> [PROBLEM TO SOLVE] Everything in the listing below should be written out again exactly, except the pictures.

> [DATASET CONTENT]
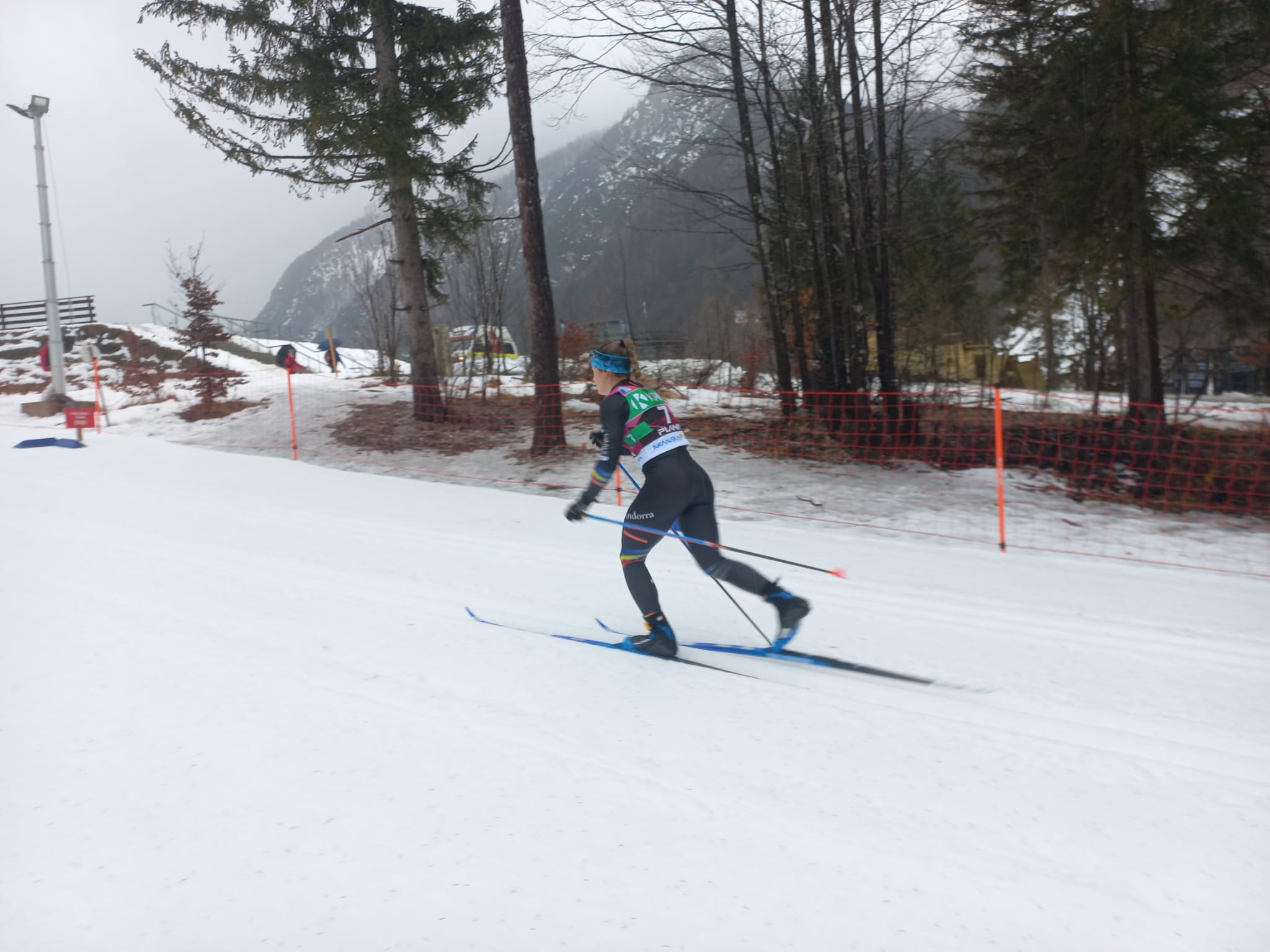 Gina del Rio en un instant de la cursa d'avui a Planica / FAE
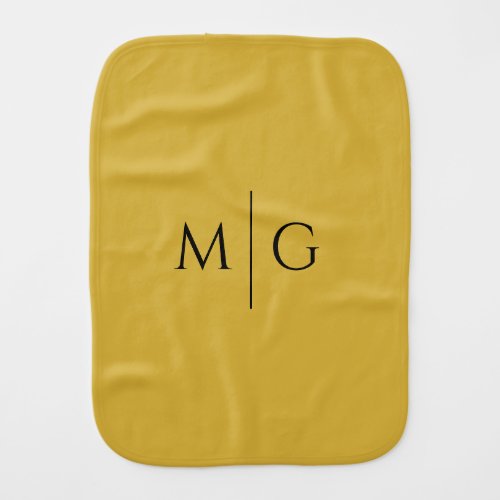 Custom M Gold Baby Burp Cloth for Everyday Use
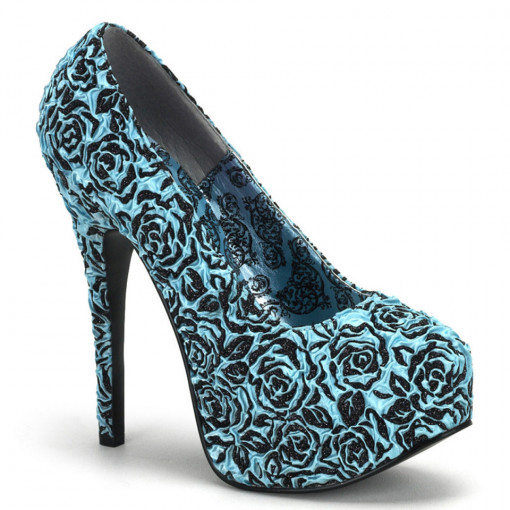 Bordello TEEZE-39 B.Blue Floral Satin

> [FINISHED TASK]
 Gina del Rio en un instant de la cursa d'avui a Planica / FAE
 Custom M Gold Baby Burp Cloth for Everyday Use
 Bordello TEEZE-39 B.Blue Floral Satin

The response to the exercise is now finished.